Nothing but the lines from the one containing "this 1125×750 image." through the end of the data should be output, each reproduced exactly.

_ _ _ _ _ _ _

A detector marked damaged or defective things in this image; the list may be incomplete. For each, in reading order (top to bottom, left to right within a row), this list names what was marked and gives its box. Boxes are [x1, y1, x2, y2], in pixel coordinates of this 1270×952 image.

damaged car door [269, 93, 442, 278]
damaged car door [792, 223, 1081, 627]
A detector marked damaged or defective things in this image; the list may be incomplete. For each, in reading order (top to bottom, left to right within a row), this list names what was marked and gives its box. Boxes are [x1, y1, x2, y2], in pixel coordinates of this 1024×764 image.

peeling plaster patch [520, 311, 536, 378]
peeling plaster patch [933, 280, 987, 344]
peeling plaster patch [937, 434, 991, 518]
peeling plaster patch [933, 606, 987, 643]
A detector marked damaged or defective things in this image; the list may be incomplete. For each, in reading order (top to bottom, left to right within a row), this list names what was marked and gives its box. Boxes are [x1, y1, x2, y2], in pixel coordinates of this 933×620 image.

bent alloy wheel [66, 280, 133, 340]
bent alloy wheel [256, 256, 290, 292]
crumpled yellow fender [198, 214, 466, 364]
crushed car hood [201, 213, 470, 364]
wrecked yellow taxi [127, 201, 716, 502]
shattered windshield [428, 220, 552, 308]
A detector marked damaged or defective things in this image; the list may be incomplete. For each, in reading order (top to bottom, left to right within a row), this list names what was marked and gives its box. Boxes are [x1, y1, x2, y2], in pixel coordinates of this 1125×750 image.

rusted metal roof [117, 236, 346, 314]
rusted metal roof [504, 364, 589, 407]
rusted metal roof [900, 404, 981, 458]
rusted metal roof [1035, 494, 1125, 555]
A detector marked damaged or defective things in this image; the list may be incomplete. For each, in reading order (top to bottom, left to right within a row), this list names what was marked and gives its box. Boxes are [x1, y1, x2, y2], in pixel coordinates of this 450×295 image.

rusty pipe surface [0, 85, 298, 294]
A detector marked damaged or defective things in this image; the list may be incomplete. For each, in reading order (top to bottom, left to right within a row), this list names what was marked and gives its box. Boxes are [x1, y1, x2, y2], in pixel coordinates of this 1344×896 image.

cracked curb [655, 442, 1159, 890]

_ _ _ _ _ _ _

> [COMPLETED TASK]
A detector marked damaged or defective things in this image; the list may be incomplete. For each, in reading order (top to bottom, left to right within a row), this list names what was marked and gives its box. Boxes are [x1, y1, x2, y2], in pixel coordinates of this 1125×750 image.

rusted metal roof [117, 236, 346, 314]
rusted metal roof [504, 364, 589, 407]
rusted metal roof [900, 404, 981, 458]
rusted metal roof [1035, 494, 1125, 555]
A detector marked damaged or defective things in this image; the list may be incomplete. For each, in reading order (top to bottom, left to right within a row), this list names what was marked and gives its box. Boxes are [x1, y1, x2, y2], in pixel coordinates of this 450×295 image.

rusty pipe surface [0, 85, 298, 294]
A detector marked damaged or defective things in this image; the list may be incomplete. For each, in reading order (top to bottom, left to right within a row), this list names what was marked and gives its box. Boxes are [x1, y1, x2, y2], in pixel coordinates of this 1344×896 image.

cracked curb [655, 442, 1159, 890]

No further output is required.